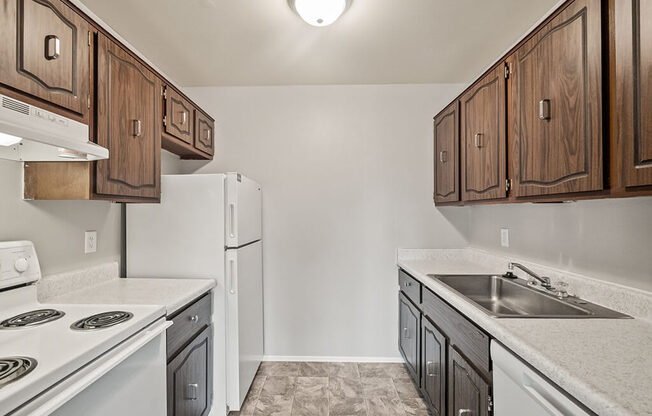 a kitchen with white appliances and wooden cabinets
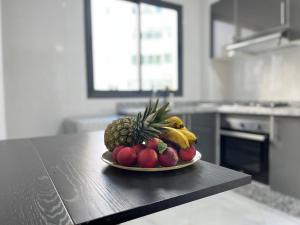 a plate of fruit on a table in a kitchen at Modern & Cosy Studio City Center in Kenitra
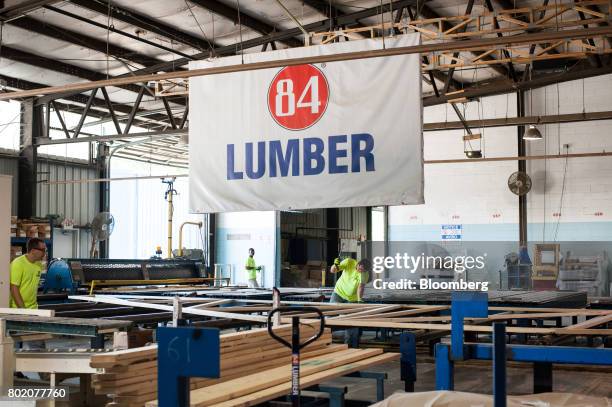 Workers assemble roof trusses at the 84 Lumber Co. California Truss Plant in Coal Center, Pennsylvania, U.S., on Friday, June 9, 2017. One of the...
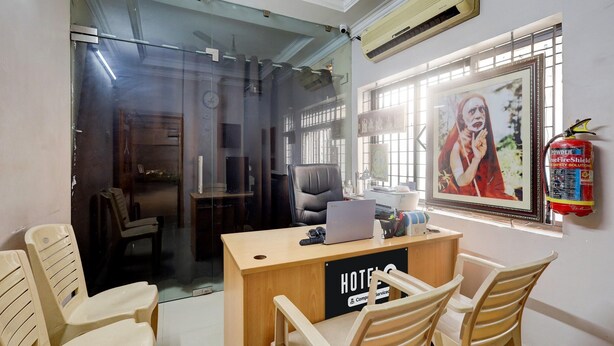 Een hotel receptie met een laptop, stoelen, een brandblusser en een ingelijst beeld aan de muur.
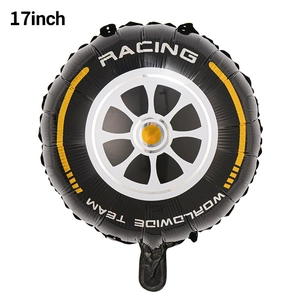 Macro detail of 17-inch black racing tire foil balloon with white Racing typography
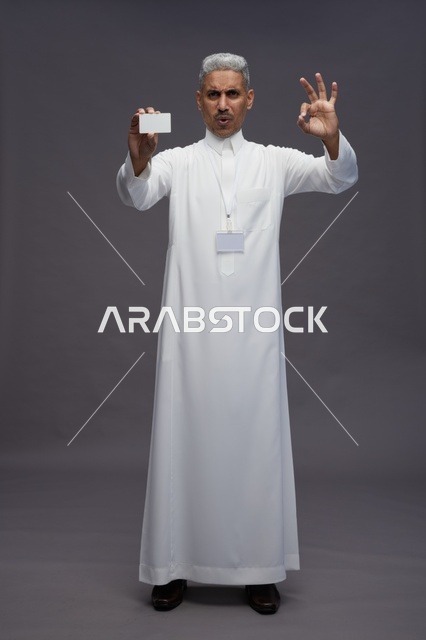 بورتريه لرجل عربي سعودي خليجي يرتدي الثوب الابيض يعرض بطاقة ائتمان بيضاء فارغه ويشير اليها, كرت تعريفي شخصي, الجسم بالكامل, خلفيه رماديه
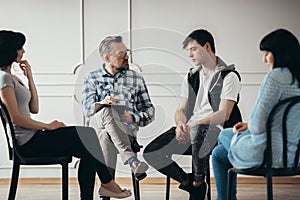 Group therapy with psychologist and depressed man and woman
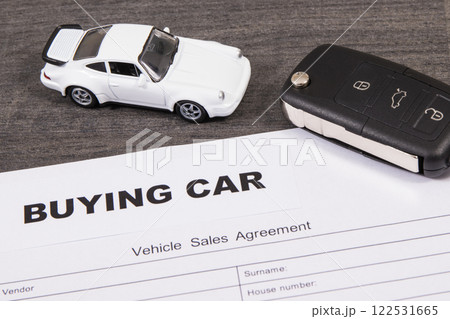 White toy car, car key and vehicle sales agreement 122531665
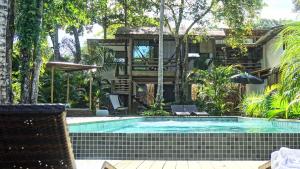 a swimming pool in front of a house at Soleluna Casa Pousada in Trancoso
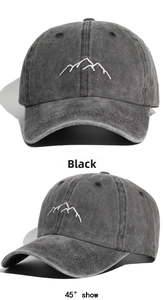Detail view of washed cotton baseball cap with white mountain embroidery on front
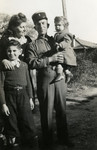 Postwar portrait of the Fainas family.

Pictured are Luba and Alexander Fainas with their sons Georges and Josie.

About this task: Nothing but the lines from the one containing "بورتريه لرجل عربي" through the last line of the data should appear in the answer, copied exactly, with pictures excluded.

Answer section:
 بورتريه لرجل عربي سعودي خليجي يرتدي الثوب الابيض يعرض بطاقة ائتمان بيضاء فارغه ويشير اليها, كرت تعريفي شخصي, الجسم بالكامل, خلفيه رماديه
 Group therapy with psychologist and depressed man and woman
 White toy car, car key and vehicle sales agreement 122531665
 a swimming pool in front of a house at Soleluna Casa Pousada in Trancoso
Detail view of washed cotton baseball cap with white mountain embroidery on front
 Postwar portrait of the Fainas family.

Pictured are Luba and Alexander Fainas with their sons Georges and Josie.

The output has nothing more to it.